Many millennials are entering prime home buying age, but they are increasingly opting out or simply giving up. Who are these forever renters and why aren’t they buying homes?
24.7% of millennials expect to rent perpetually. A 2022 study conducted by the Federal Reserve Bank of New York found that renters’ confidence in future homeownership is at an all-time low. Most respondents plan to continue renting, either because they prefer it or because they’re holding out hope that home prices will fall. From 2013 to 2022, the percentage of millennials expecting to rent for the rest of their lives nearly doubled from 13.3%.
The new American dream may not be built around settling down and finding a steady career job in an office or a factory. For today’s workforce, in an economy shaped by the flexibility of gig work and work-from-home opportunities, career advancement often comes by frequently changing jobs. Renting offers these upwardly mobile folks a new ideal to build their lives around: flexibility and freedom of choice.
Home prices have ballooned 30% in the last decade, raising a significant obstacle for new potential homeowners. This increase is driven by factors like low housing inventory, the cost of building materials and high inflation. Prices have rapidly outpaced family budgets, as median income rose just 11% in that same time frame.
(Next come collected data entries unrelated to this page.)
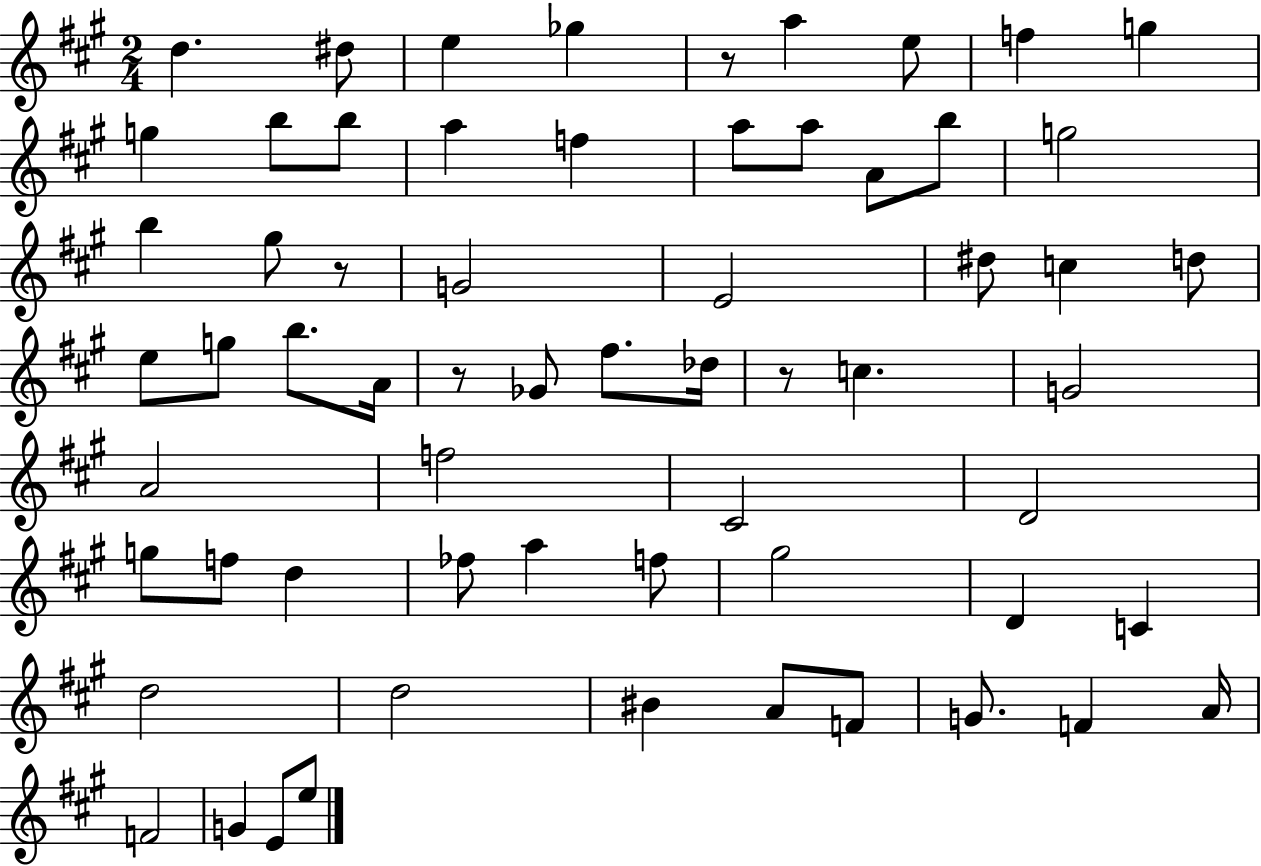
X:1
T:Untitled
M:2/4
L:1/4
K:A
d ^d/2 e _g z/2 a e/2 f g g b/2 b/2 a f a/2 a/2 A/2 b/2 g2 b ^g/2 z/2 G2 E2 ^d/2 c d/2 e/2 g/2 b/2 A/4 z/2 _G/2 ^f/2 _d/4 z/2 c G2 A2 f2 ^C2 D2 g/2 f/2 d _f/2 a f/2 ^g2 D C d2 d2 ^B A/2 F/2 G/2 F A/4 F2 G E/2 e/2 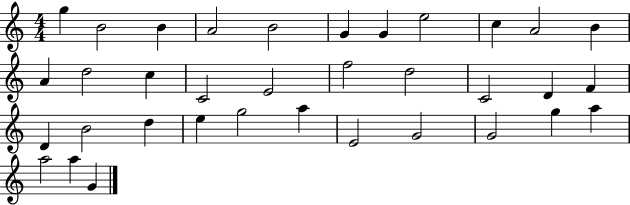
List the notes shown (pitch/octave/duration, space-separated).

G5/q B4/h B4/q A4/h B4/h G4/q G4/q E5/h C5/q A4/h B4/q A4/q D5/h C5/q C4/h E4/h F5/h D5/h C4/h D4/q F4/q D4/q B4/h D5/q E5/q G5/h A5/q E4/h G4/h G4/h G5/q A5/q A5/h A5/q G4/q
Millennials are saddled with debt, which renters cite as a significant reason they can’t afford to buy a home. According to the Real Estate Witch Millennial Debt Survey completed in June 2022, three-fourths of millennials owe more than $100,000, most of it nonmortgage debt. They owe on things like credit cards, medical bills and student loans — including 30% of the $1.5 trillion in national student debt.
A new class of wealthier renters was spawned by the proliferation of remote work since the pandemic. Many white-collar workers in industries like tech or finance from expensive markets like New York City or the Bay Area can now live anywhere without losing their big city salaries. The flexibility of renting seems to appeal to folks who are free to move across the country and relocate whenever they please.
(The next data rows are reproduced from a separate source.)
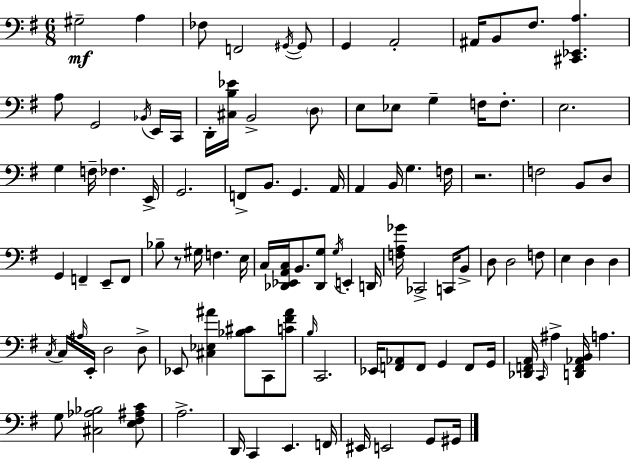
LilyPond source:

{
  \clef bass
  \numericTimeSignature
  \time 6/8
  \key e \minor
  gis2--\mf a4 | fes8 f,2 \acciaccatura { gis,16~ }~ gis,8 | g,4 a,2-. | ais,16 b,8 fis8. <cis, ees, a>4. | \break a8 g,2 \acciaccatura { bes,16 } | e,16 c,16 d,16-. <cis b ees'>16 b,2-> | \parenthesize d8 e8 ees8 g4-- f16 f8.-. | e2. | \break g4 f16-- fes4. | e,16-> g,2. | f,8-> b,8. g,4. | a,16 a,4 b,16 g4. | \break f16 r2. | f2 b,8 | d8 g,4 f,4-- e,8-- | f,8 bes8-- r8 gis16 f4. | \break e16 c16 <des, ees, a, c>16 b,8. <des, g>8 \acciaccatura { g16 } e,4-. | d,16 <f a ges'>16 ces,2-> | c,16 b,8-> d8 d2 | f8 e4 d4 d4 | \break \acciaccatura { c16 } c16 \grace { ais16 } e,16-. d2 | d8-> ees,8 <cis ees ais'>4 <bes cis'>8 | c,8 <c' fis' ais'>8 \grace { b16 } c,2. | ees,16 <f, aes,>8 f,8 g,4 | \break f,8 g,16 <des, f, a,>16 \grace { c,16 } ais4-> | <d, f, aes, b,>16 a4. g8 <cis aes bes>2 | <e fis ais c'>8 a2.-> | d,16 c,4 | \break e,4. f,16 eis,16 e,2 | g,8 gis,16 \bar "|."
} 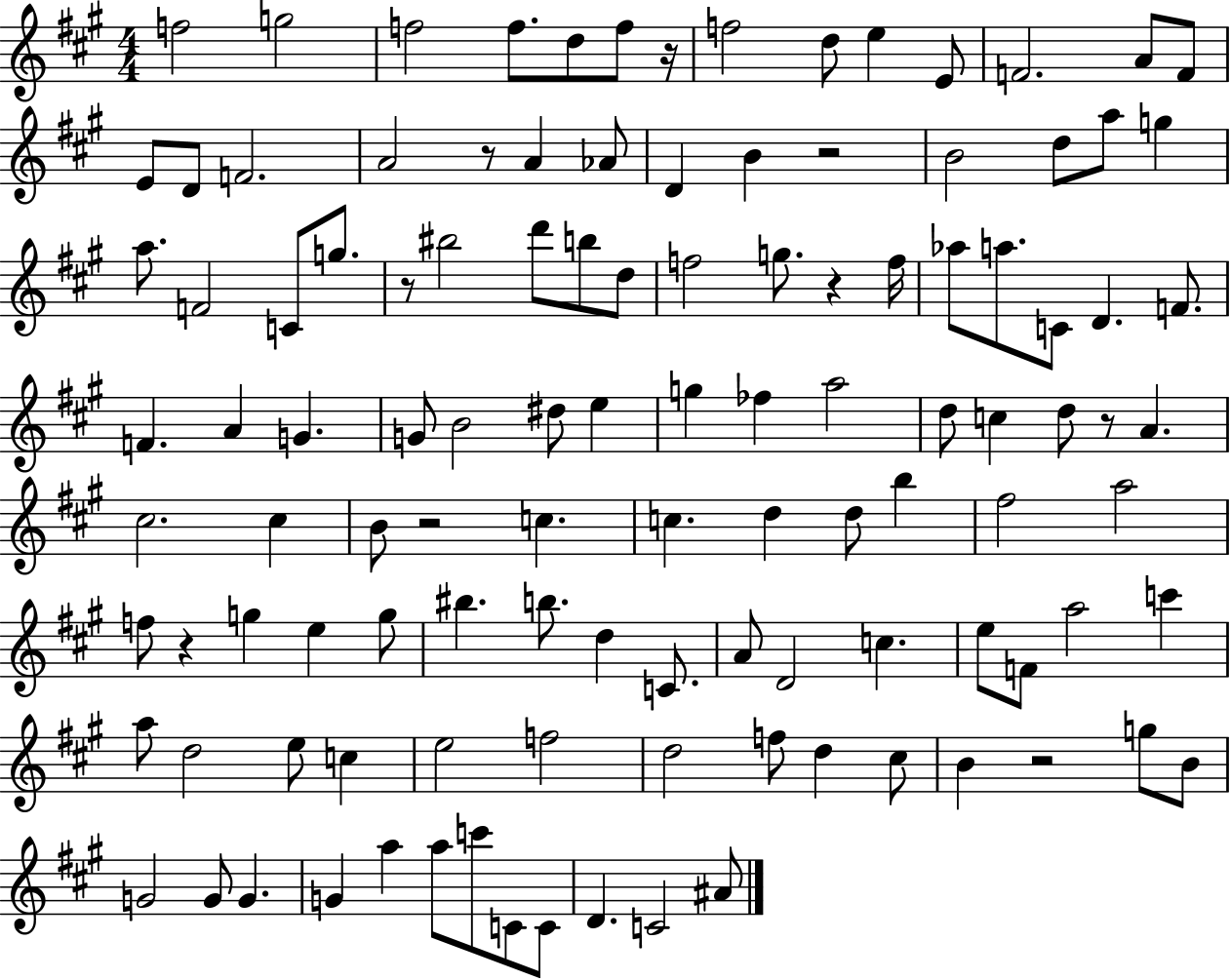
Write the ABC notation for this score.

X:1
T:Untitled
M:4/4
L:1/4
K:A
f2 g2 f2 f/2 d/2 f/2 z/4 f2 d/2 e E/2 F2 A/2 F/2 E/2 D/2 F2 A2 z/2 A _A/2 D B z2 B2 d/2 a/2 g a/2 F2 C/2 g/2 z/2 ^b2 d'/2 b/2 d/2 f2 g/2 z f/4 _a/2 a/2 C/2 D F/2 F A G G/2 B2 ^d/2 e g _f a2 d/2 c d/2 z/2 A ^c2 ^c B/2 z2 c c d d/2 b ^f2 a2 f/2 z g e g/2 ^b b/2 d C/2 A/2 D2 c e/2 F/2 a2 c' a/2 d2 e/2 c e2 f2 d2 f/2 d ^c/2 B z2 g/2 B/2 G2 G/2 G G a a/2 c'/2 C/2 C/2 D C2 ^A/2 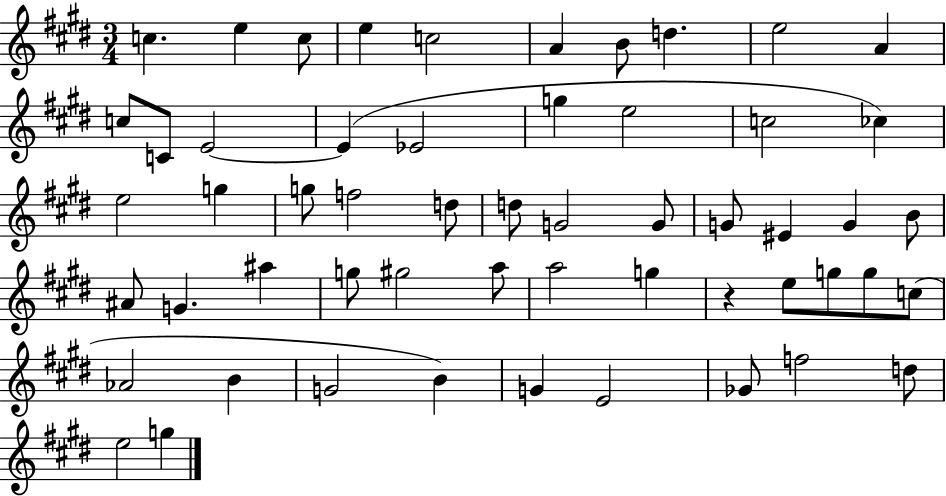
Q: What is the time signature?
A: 3/4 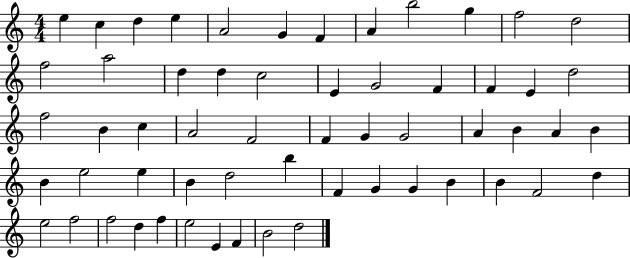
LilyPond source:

{
  \clef treble
  \numericTimeSignature
  \time 4/4
  \key c \major
  e''4 c''4 d''4 e''4 | a'2 g'4 f'4 | a'4 b''2 g''4 | f''2 d''2 | \break f''2 a''2 | d''4 d''4 c''2 | e'4 g'2 f'4 | f'4 e'4 d''2 | \break f''2 b'4 c''4 | a'2 f'2 | f'4 g'4 g'2 | a'4 b'4 a'4 b'4 | \break b'4 e''2 e''4 | b'4 d''2 b''4 | f'4 g'4 g'4 b'4 | b'4 f'2 d''4 | \break e''2 f''2 | f''2 d''4 f''4 | e''2 e'4 f'4 | b'2 d''2 | \break \bar "|."
}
Renters are still missing out on one of the keys to generating family wealth. The average net worth of a homeowner in 2019: $255,000. A renter? $6,300.
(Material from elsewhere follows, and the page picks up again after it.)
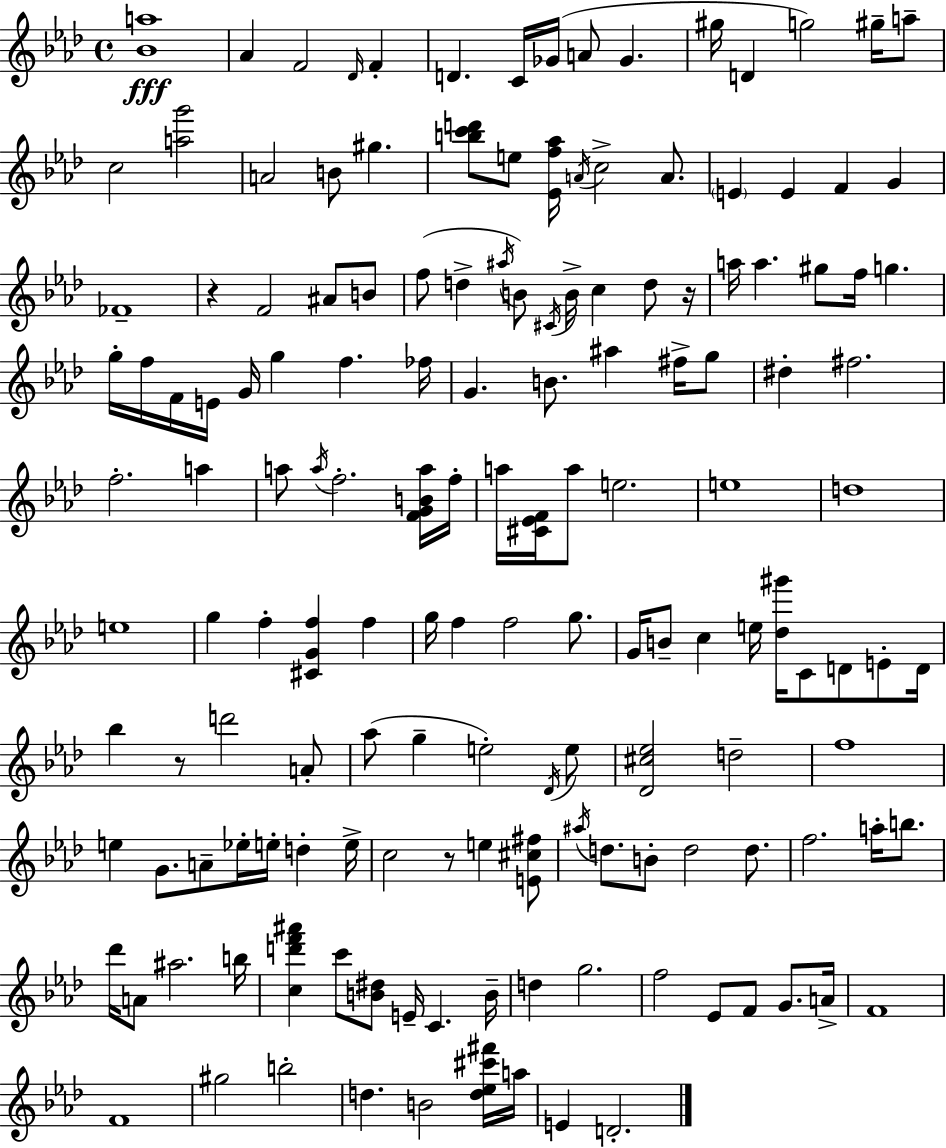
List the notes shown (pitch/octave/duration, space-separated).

[Bb4,A5]/w Ab4/q F4/h Db4/s F4/q D4/q. C4/s Gb4/s A4/e Gb4/q. G#5/s D4/q G5/h G#5/s A5/e C5/h [A5,G6]/h A4/h B4/e G#5/q. [B5,C6,D6]/e E5/e [Eb4,F5,Ab5]/s A4/s C5/h A4/e. E4/q E4/q F4/q G4/q FES4/w R/q F4/h A#4/e B4/e F5/e D5/q A#5/s B4/e C#4/s B4/s C5/q D5/e R/s A5/s A5/q. G#5/e F5/s G5/q. G5/s F5/s F4/s E4/s G4/s G5/q F5/q. FES5/s G4/q. B4/e. A#5/q F#5/s G5/e D#5/q F#5/h. F5/h. A5/q A5/e A5/s F5/h. [F4,G4,B4,A5]/s F5/s A5/s [C#4,Eb4,F4]/s A5/e E5/h. E5/w D5/w E5/w G5/q F5/q [C#4,G4,F5]/q F5/q G5/s F5/q F5/h G5/e. G4/s B4/e C5/q E5/s [Db5,G#6]/s C4/e D4/e E4/e D4/s Bb5/q R/e D6/h A4/e Ab5/e G5/q E5/h Db4/s E5/e [Db4,C#5,Eb5]/h D5/h F5/w E5/q G4/e. A4/e Eb5/s E5/s D5/q E5/s C5/h R/e E5/q [E4,C#5,F#5]/e A#5/s D5/e. B4/e D5/h D5/e. F5/h. A5/s B5/e. Db6/s A4/e A#5/h. B5/s [C5,D6,F6,A#6]/q C6/e [B4,D#5]/e E4/s C4/q. B4/s D5/q G5/h. F5/h Eb4/e F4/e G4/e. A4/s F4/w F4/w G#5/h B5/h D5/q. B4/h [D5,Eb5,C#6,F#6]/s A5/s E4/q D4/h.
“A lot of American renters want to buy a home, but they’re stuck renting because it’s simply too expensive to break into the housing market. That’s especially true since they’re often competing against investors or other deep-pocketed individual buyers” — Redfin chief economist Daryl Fairweather
The Airbnb Effect is subtly reshuffling the deck. Higher rental rates are motivating landlords and homesellers to move their properties from long-term renting and sale markets to the short-term rental market, reducing the housing supply for young families. A study found that a 1% increase in Airbnb listings leads to a 0.018% and 0.026% increase in rent and house prices, respectively. These are small amounts on the surface but, when combined with other factors, can add up quickly.
An algorithm is resetting the market. Rent-setting software from RealPage allows landlords, especially large ones with multiple properties, to accurately set rental rates as high as the market will bear. These algorithms squeeze rents harder than humans typically would, driving the value of rentals and properties higher. Per ProPublica, a neighborhood in Seattle saw properties using the software raise rent faster than others. This can contribute to rising prices across the tough housing market.
Enter the new corporate landlords. Wall Street investment firms have billions set aside to invest in buying and building homes, drawn by rising prices and profit potential from higher rents and short-term rentals. While Wall Street owns just 3% of single-family rental homes right now, MetLife Investment Management predicts that these investors will own 40% of the market by 2030.